Mesmo que a intenção dos humoristas do “Tá no Ar”  tenha sido criticar o racismo na televisão brasileira, há de se perguntar: “Os grupos que reivindicam direitos para a população negra fazem piada com a escravidão? O Movimento Negro faria? É possível também argumentar que o programa usa a estratégia da ironia para expressar uma idéia antirracista, entretanto, a imagem deveria falar por si mesma, não poderia dar margem para outros tipos de interpretações. Se, ao observar a imagem, é possível uma interpretação racista, a tarefa fora, neste aspecto, mal sucedida. Outra questão: Houve uma pesquisa dirigida à população negra para aferir como se sentem, tendo sua imagem e sua história satirizada em rede nacional? Eu, como descendente de pessoas escravizadas não me senti confortável com a piada. Tampouco achei graça em ouvir a “mega-promoção” em que a ama de leite sai de graça, depois da compra de dois escravos homens. Afinal, impossível não associar à minha mãe, irmã, filhas e à todas as mulheres negras brasileiras, principais vítimas da violência racista e machista em todos os níveis. Assim, a peça teatral da maneira como foi construída, reforça a lógica racista da representação.

E repito o que já escrevi aqui quando da análise do humorístico do Fantástico: Um regime de escravidão que durou 388 anos; Que custou o sequestro e o assassinato de aproximadamente 7 milhões de seres humanos africanos e outros tantos milhões de seus descendentes; e que fora amplamente denunciado como um dos maiores crimes de lesa-humanidade já vistos, deve ou pode ser motivo de piadas?

Quantas cenas de “humor inteligente” relacionado ao Holocausto; Ou às vítimas de Hiroshima e Nagasaki; Ou às vítimas do Word Trade Center ou – para ficar no Brasil – às vítimas do incêndio na Boate Kiss, assistiremos como fruto da boa intenção de roteiristas que não sabem do que falam ou do cinismo dos grandes meios de comunicação? Ah, mas homens e mulheres postos à venda e nos lembrando que sempre fomos – negros e negras – tratados como mercadoria, desumanizados e coisificados, em rede nacional e à mercê da gargalhada coletiva, isso pode!

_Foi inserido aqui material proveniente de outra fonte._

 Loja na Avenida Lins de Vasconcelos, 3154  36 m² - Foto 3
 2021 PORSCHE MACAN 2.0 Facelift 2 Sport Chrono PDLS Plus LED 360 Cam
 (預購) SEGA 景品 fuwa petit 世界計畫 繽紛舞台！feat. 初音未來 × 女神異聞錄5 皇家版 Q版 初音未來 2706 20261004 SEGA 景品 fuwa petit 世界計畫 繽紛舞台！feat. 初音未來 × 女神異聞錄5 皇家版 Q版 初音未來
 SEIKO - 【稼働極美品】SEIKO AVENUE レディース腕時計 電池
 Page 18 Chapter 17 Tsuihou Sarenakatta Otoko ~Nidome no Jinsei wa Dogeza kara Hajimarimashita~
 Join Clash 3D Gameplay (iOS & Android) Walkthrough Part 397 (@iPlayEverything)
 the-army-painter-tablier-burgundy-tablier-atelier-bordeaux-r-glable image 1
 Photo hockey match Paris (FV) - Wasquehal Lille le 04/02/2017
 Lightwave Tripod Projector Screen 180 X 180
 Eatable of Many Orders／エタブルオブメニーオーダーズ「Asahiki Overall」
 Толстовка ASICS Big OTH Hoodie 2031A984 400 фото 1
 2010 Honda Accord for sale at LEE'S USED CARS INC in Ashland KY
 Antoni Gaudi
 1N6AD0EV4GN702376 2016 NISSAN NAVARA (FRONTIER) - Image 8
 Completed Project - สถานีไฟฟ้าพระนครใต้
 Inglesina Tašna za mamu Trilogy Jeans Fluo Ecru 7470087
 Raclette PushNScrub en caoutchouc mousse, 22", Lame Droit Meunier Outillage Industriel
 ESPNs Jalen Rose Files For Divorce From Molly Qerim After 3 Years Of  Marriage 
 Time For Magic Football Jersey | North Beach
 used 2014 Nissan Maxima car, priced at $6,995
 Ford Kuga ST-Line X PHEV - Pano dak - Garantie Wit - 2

E com direito a status de humor crítico e inteligente.

Se é verdade que a crítica e a autocrítica são elementos da concepção de “Tá no Ar” e da iniciativa da emissora, eles falham no momento em que não rompem com a lógica de manipulação das representações e reforçam estereótipos raciais, colocando-se assim como um veículo de comunicação que, através de tal conteúdo, fortalecem e fomentam o racismo.

É preciso estar alerta. Fugir à regra da cognição racista é tarefa das mais difíceis. Se a missão é combater o racismo, não se pode utilizar da mesma lógica estrutural que organiza o pensamento racista. Portanto, nada de piadas sobre a escravidão, por favor!